## WHAT THIS TASK INVOLVES
With the line that contains "[PRE-ORDER] Demon Slayer" as the final line, return every line from the start of the data below exactly.

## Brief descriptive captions
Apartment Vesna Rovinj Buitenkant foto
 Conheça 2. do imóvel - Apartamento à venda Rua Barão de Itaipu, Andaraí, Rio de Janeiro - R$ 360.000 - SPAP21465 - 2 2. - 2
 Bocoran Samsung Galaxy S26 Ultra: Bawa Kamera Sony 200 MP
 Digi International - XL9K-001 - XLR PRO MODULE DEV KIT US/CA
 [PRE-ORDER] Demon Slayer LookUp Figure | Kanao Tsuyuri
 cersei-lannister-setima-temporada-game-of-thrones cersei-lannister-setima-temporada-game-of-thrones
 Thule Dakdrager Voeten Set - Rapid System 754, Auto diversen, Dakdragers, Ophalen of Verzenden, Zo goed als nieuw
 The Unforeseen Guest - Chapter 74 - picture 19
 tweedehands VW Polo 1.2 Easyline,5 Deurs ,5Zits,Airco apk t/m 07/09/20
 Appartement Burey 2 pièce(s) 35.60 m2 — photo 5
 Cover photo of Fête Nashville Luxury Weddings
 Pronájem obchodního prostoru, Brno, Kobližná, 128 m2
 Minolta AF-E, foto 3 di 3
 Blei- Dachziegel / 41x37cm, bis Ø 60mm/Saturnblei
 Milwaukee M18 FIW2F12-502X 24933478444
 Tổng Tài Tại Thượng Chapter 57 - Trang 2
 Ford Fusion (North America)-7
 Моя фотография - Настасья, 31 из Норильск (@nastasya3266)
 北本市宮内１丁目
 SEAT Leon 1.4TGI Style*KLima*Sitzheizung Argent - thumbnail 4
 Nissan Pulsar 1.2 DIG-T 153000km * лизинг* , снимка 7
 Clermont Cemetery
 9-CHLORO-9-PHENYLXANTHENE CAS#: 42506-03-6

## ANSWER BELOW
Apartment Vesna Rovinj Buitenkant foto
 Conheça 2. do imóvel - Apartamento à venda Rua Barão de Itaipu, Andaraí, Rio de Janeiro - R$ 360.000 - SPAP21465 - 2 2. - 2
 Bocoran Samsung Galaxy S26 Ultra: Bawa Kamera Sony 200 MP
 Digi International - XL9K-001 - XLR PRO MODULE DEV KIT US/CA
 [PRE-ORDER] Demon Slayer LookUp Figure | Kanao Tsuyuri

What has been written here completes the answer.